Gritos anunciadores del juicio

Los profetas, particularmente Isaías y Jeremías, evocaron el grito de venganza y de juicio que resonará en el porvenir, cuando Dios golpeará a su pueblo y a las naciones. El tiempo de su paciencia se habrá agotado; “Jehová, desde lo alto, rugirá, y desde la morada de su santidad hará resonar su voz; rugirá poderosamente contra el lugar de su habitación, alzará el grito, como los que pisan el lagar” (Jeremías 25:30; V.M.). Cuando el juicio llegue, golpeará a los judíos que habrán vuelto a edificar el templo de Jerusalén para rendir un culto abominable, bajo la dominación del Imperio Romano reconstituido.
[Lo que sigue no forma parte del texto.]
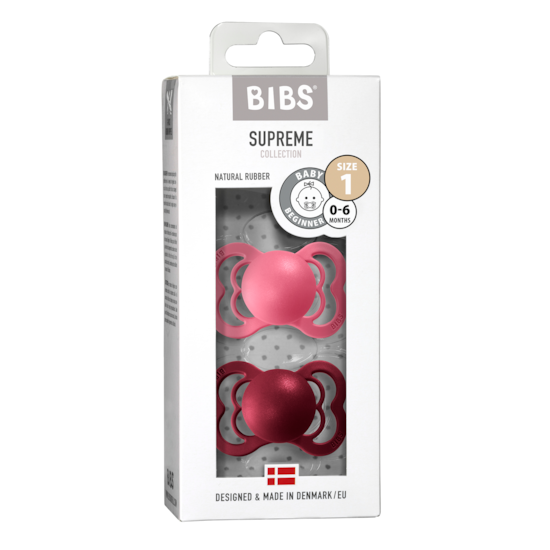 BIBS Supreme Nappar Latex Coral/Ruby strl. 1 (0-6 månader) 2-pack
Entonces se cumplirá la sentencia pronunciada por Isaías: “Traeré sobre ellos lo que temieron; porque llamé, y nadie respondió; hablé, y no oyeron, sino que hicieron lo malo delante de mis ojos, y escogieron lo que me desagrada” (66:4).
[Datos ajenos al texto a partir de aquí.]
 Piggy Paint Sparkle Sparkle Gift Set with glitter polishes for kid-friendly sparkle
Sin embargo, en ese tiempo, el Señor mirará a los que constituirán un remanente fiel, al contrito de espíritu y que tiembla a su palabra (66:2; V.M.). Después de una larga paciencia, Dios, en la persona del Señor mismo, montado sobre un caballo blanco (Apocalipsis 19:11-16), saldrá para ejecutar su juicio guerrero. Entonces se cumplirá lo que anunció el profeta Isaías: “Jehová saldrá como gigante, y como hombre de guerra despertará celo; gritará, voceará, se esforzará sobre sus enemigos. Desde el siglo he callado, he guardado silencio, y me he detenido; daré voces como la que está de parto; asolaré y devoraré juntamente”. El juez de unos será el libertador de otros, de su remanente que esperará la liberación, la introducción en el gozo de las bendiciones milenarias. La victoria del Rey de reyes y Señor de señores, producirá el cántico nuevo proveniente de todos los lugares de la tierra, el que subirá para alabanza de Dios (Isaías 42:10-14; Salmo 40:3).
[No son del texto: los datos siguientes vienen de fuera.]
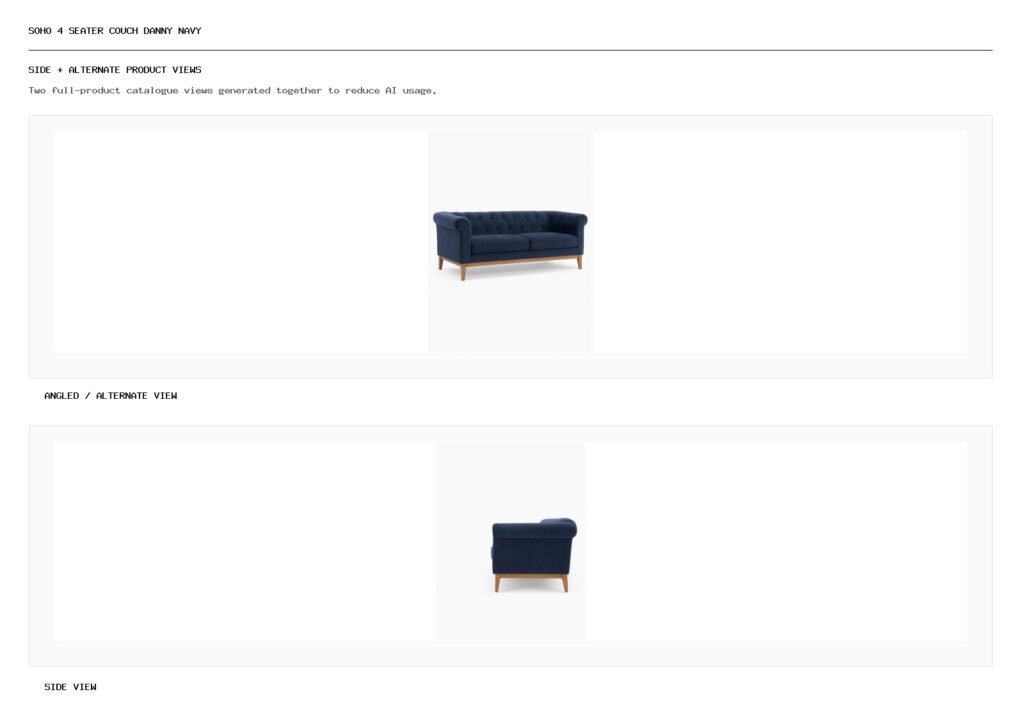 Soho 4 Seater Couch Danny Navy angled alternate and side product views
Así pues, en el Antiguo Testamento, ya oímos los apremiantes llamamientos de la bondad de Dios que se dirigen a todo aquel que tiene sed, para que venga a las aguas de la sola fuente (Isaías 55:1-3), pero también los gritos solemnes que anuncian el juicio que alcanzará a los que habrán rehusado venir y oír.

Gritos del Señor durante su ministerio

El Señor clamó en el transcurso de su ministerio en la tierra. Dos veces se hace mención de ello en Juan 7. Subió a Jerusalén durante la fiesta de los tabernáculos, no abiertamente, sino como en secreto, y enseñó en la sinagoga, confrontado con la perplejidad y la incredulidad de los judíos. “Jesús entonces clamó en el Templo, mientras enseñaba, diciendo: A mí me conocéis, y sabéis también de donde soy; y yo no he venido de mí mismo: mas el que me envió es verdadero, a quien vosotros no conocéis” (v. 28; V.M.). Con autoridad y firmeza, el Señor habló tanto a los conductores como al pueblo, y los colocó bajo la responsabilidad de recibir y escuchar al verdadero Pastor que entró en el redil de la ley para hacer salir a sus ovejas. En el último y gran día de la fiesta, “Jesús se puso en pie y alzó la voz, diciendo: Si alguno tiene sed, venga a mí y beba. El que cree en mí, como dice la Escritura, de su interior correrán ríos de agua viva” (v. 37-38). Al final de su ministerio, reiteró sus apremiantes llamamientos, dirigiéndose a los incrédulos y a los tímidos jefes del pueblo que ponían en duda el hecho de que fuese el enviado del Padre. “Jesús clamó y dijo: El que cree en mí, no cree en mí, sino en el que me envió; y el que me ve, ve al que me envió” (Juan 12:44-45).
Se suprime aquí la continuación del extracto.